La Hora de la Desaparición (Weapons): terror implacable que incomoda y fascina

Del mismo director de Barbarian, Weapons llega como un título que revienta expectativas: no es una película perfecta, ni convencional, pero tiene el poder de perturbar y permanecer contigo mucho tiempo después de prender las luces de la sala.

La hora de la desaparición, como su título en español indica, arranca con un misterio tan simple como escalofriante: de una noche a otra, 17 niños de una clase desaparecen sin dejar rastro, salvo uno. A partir de esa premisa —que recuerda Magnolia en su estructura coral—, Zach Cregger despliega una narración en capítulos que se desplaza entre el horror íntimo y la extrañeza suburbana, con puntos de vista que incluyen la de la docente Justine (Julia Garner), un padre devastado (Josh Brolin), un policía con demonios internos, y el inquietante estudiante que sobrevive —todos atrapados en un pueblo donde lo familiar se vuelve amenazante.

Visualmente, Weapons destaca por una atmósfera claustrofóbica, artísticamente perturbadora; cada encuadre respira amenaza, y lo cotidiano se tuerce hasta parecer grotesco.

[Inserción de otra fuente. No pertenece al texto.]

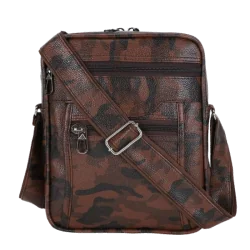CamoTrek Messenger Sling Bag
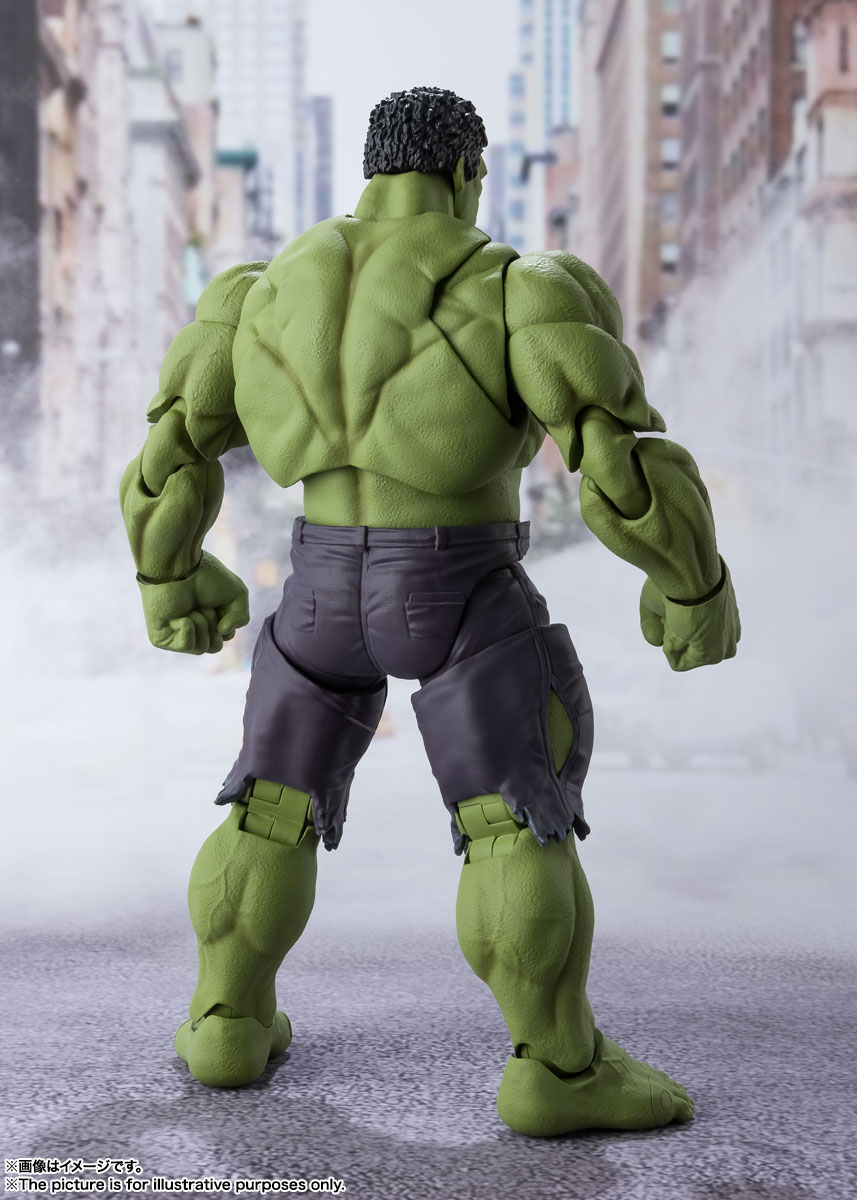 d*2様 フィギュアーツ　アベンジャーズ　figma ハルク　セット S.H.Figuarts ハルク -《AVENGERS ASSEMBLE》 EDITION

El humor negro —brillante y perverso— irrumpe cuando menos lo esperas, bordando la tensión con risas incómodas.

Histriónicamente, Julia Garner da lo mejor de sí como una figura acosada por la culpa y la sospecha, mientras Josh Brolin encarna el dolor con convicción. Potenciados del resto del elenco que protagonizan sus propios segmentos de la historia reforzando la dimensión comunitaria de la pesadilla.

De esta manera, el director Zach Cregger construye un camino para llegar a un final explosivo y oscuro, no resuelve todo, pero deja una huella imborrable. La ambigüedad funciona como otro personaje que te confronta directamente.

Weapons no es un terror complaciente: desequilibra, provoca y te empuja hacia zonas oscuras del cine con un pulso propio. No entrega todas las respuestas, y quizás ahí radica su grandeza: en la capacidad de hacerte sentir que el horror persiste, incluso en lo que nunca se dice.